Mittwoch, März 16, 2011

Beginn eines Rosenkrieges

Die Eheleute haben sich getrennt. Die Mandantin erscheint kurz darauf in der Kanzlei, um sich beraten zu lassen.

In der ca. einstündigen Erstberatung werden die wesentlichen Dinge erörtert:

Ablauf des Trennungsjahres
Schicksal der Ehewohnung
Unterhalt für Ehefrau und Kind
Hausratsaufteilung
Vermögensauseinandersetzung einschließlich Aufteilung der Schulden
Sorge- und Umgangsrecht

In solchen Fällen weise ich immer daraufhin, dass eine einvernehmliche Regelung von Vorteil sei und letztlich Zeit und Geld sparen helfe.

Ich schreibe den Ehemann an "...kam es zur Trennung, nachdem Sie von unserer Mandantin gebeten wurden, die gemeinsame Ehewohnung zu verlassen" und bitte den Ehemann um 3 Terminsvorschläge zu einer gemeinsamen Besprechung, gerne auch mit dessen Anwalt.

Er meldet sich heute und wird sofort pampig. Ich sei falsch unterrichtet, er habe die Wohnung freiwillig und von sich aus verlassen. Ich weise darauf hin, dass dieser Umstand nicht wichtig sei, woraufhin er beharrt, dies klären zu wollen.

So kommen wir nicht weiter, denke ich mir und ziehe die Einladung zur Besprechung zurück. Nun bekommt er Post und alles wird nach Schema F ablaufen.

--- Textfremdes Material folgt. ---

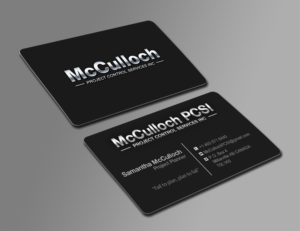Business Card Design by Lanka Ama for this project | Design: #11875953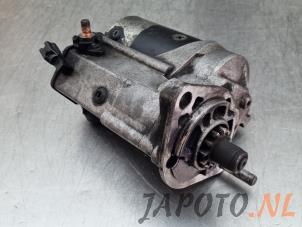 Gebruikte Startmotor Toyota Hilux IV 2.5 D4-D 16V Prijs € 88,92 Inclusief btw aangeboden door Japoto Parts B.V.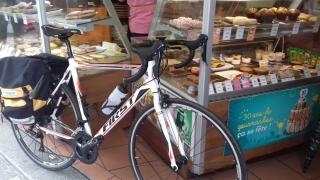 Boulangerie La Mie Câline 0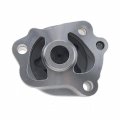 Haiyazhma New Oil Pump 16851-35012 1685135012 Compatible With Kubota D902 D702 D902-et03 D902-et07 D902-4gu1385 Utility Vehicle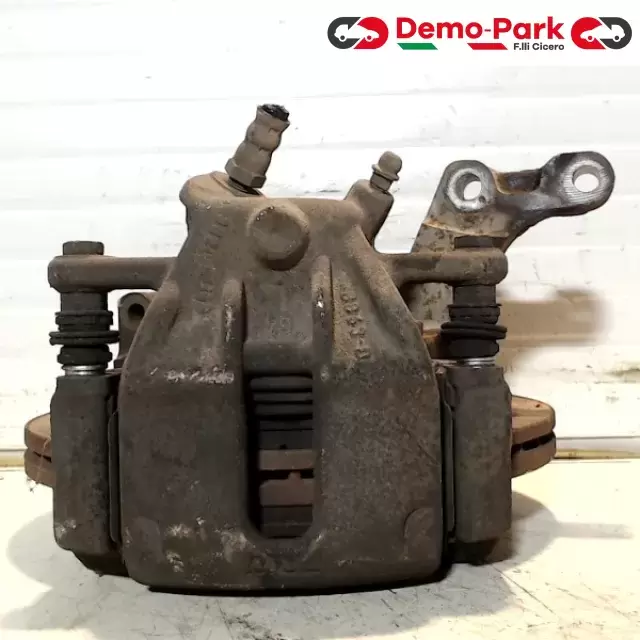 MONTANTE ANTERIORE SX ABS Dacia LOGAN 1.5 TDCI 09L05N 2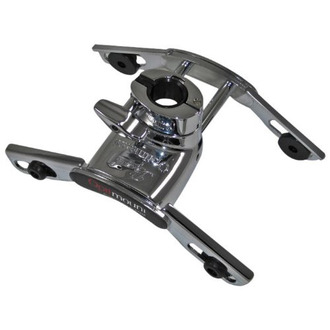Pearl Aluminum Optimount Suspension System for 6.5" Depth Tom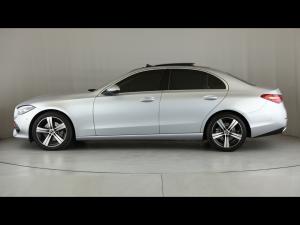 Mercedes-Benz C-Class C200 Avantgarde - Image 22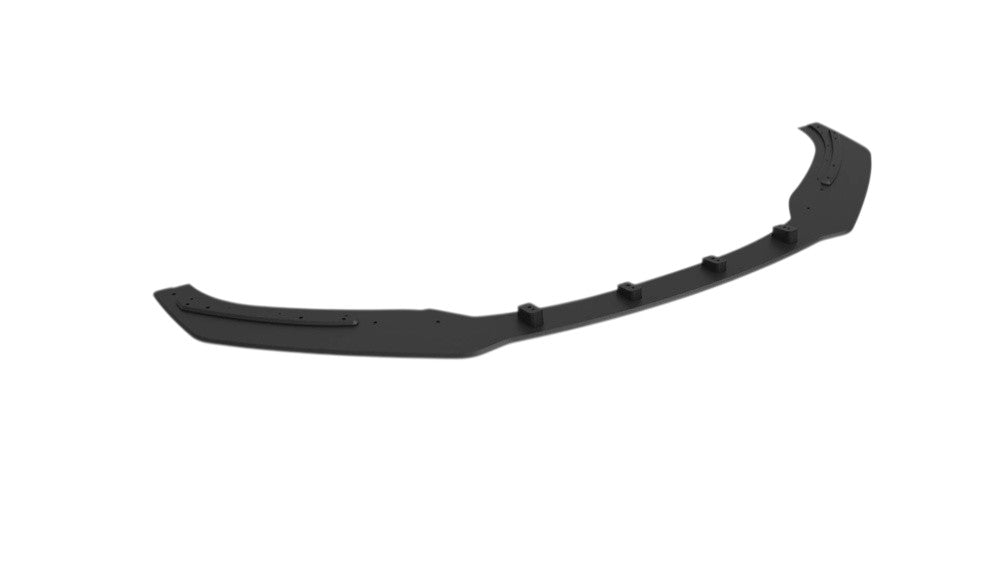 🔥ART.8878 SPLITTER ANTERIORE STREET PRO PER AUDI TT S / S-LINE 8S🔥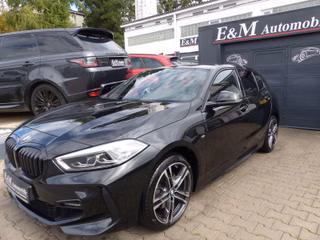 BMW 118 Gebrauchtwagen Kaufen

Schade eigentlich, aber ein Gegenüber, der sich in unwichtige Kleinigkeiten verbeißt, mit dem ist der Versuch einer gütlichen Regelung verschwendete Lebenszeit.

10 Kommentare:

  1. Für den Ehemann ist es elementar, ob er die Frau verlassen hat, oder die Frau ihn verlassen hat. Dies wird ihm unter Umständen wichtiger sein, als die juristische und finanzielle Abwicklung der Scheidung.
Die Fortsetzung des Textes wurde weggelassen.